Former President Joseph Estrada was not one of my favorite elected officials. Although assured that he had hired a brilliant team of advisers, my first thoughts upon his election was that cunning politicians will use his naivette against him.
I watched as they impeached him. I watched as a new regime took over. I watched his day-to-day battle from prison to house arrest to a guilty of plunder ruling.
The funny thing is during the six years that he was imprisoned, I grew to admire Erap (as he is fondly called by his constituents) as a person. I watched how the masses, his followers, supported him all throughout his trial. I watched testimony after testimony of underprivileged people proclaiming that he had helped them.
I admired him the most when he chose not to go into exile. A lot of presidents have done it, even the genius who ran the Philippines for decades had resorted to fleeing the country. But Erap stayed, he had wanted to prove his innocence.
A lot of his friends ratted him out, washing their hands of him and going out in public declaring that they are better men - but their actions to me speak louder than their words. You know the quality I liked most about the former president was that he never muddied anybody else's name. He did not point the finger. He never said it was somebody else's fault.

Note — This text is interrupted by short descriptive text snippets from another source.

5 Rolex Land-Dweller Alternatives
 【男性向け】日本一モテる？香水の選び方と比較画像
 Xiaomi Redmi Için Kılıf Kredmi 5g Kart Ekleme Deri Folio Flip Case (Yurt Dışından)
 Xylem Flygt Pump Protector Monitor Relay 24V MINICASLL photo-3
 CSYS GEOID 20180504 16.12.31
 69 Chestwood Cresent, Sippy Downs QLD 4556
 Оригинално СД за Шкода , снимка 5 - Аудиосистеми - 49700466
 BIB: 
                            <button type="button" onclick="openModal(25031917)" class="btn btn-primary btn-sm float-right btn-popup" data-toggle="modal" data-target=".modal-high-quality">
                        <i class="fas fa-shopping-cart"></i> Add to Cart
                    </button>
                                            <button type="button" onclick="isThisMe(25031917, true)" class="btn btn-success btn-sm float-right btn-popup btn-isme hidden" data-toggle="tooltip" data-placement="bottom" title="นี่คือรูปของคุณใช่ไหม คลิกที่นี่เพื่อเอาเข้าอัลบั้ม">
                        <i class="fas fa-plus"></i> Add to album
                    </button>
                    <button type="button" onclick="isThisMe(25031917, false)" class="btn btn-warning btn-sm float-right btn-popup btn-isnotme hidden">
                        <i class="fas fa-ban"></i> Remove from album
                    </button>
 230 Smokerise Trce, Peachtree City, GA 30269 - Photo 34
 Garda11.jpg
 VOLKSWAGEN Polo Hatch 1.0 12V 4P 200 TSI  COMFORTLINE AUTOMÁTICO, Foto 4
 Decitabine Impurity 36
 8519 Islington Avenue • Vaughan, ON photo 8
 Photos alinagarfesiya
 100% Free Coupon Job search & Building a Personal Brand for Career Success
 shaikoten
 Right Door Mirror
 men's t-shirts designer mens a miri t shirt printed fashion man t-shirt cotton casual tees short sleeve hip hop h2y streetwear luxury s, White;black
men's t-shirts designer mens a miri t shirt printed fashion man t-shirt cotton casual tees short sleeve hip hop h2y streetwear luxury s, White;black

As he said in a July interview for Kababayan LA, "I'm not perfect. I know I have made mistakes in my governance of the country, but I fulfilled my sworn duty to my country."
The guilty verdict made me sad. It's not because I do not want those who are guilty of plunder to be punished - it just feels wrong. That here is someone who served only 3 and 1/2 years, maybe he did get money when he was president - because he was president, but we had a dictator who had gained a lot more because he ruled for over 20 years and he was not given a guilty ruling and punished. We had a president who cleaned out the treasury during his regime, not one word was said about plunder. The current president's husband has been tried numerous times on graft and corruption charges and had always escaped unscathed. But here is a man, maybe not as educated as some of our other presidents, who came from show business and rose from being mayor of his home town to being the President of the Philippines because the masses loved him - and what did we do? The first chance we get, we make him the scapegoat, the one who had to take the fall to show the world that we can prosecute even those who ruled our country. Why him? Because he was not perfect? I think that is very sad.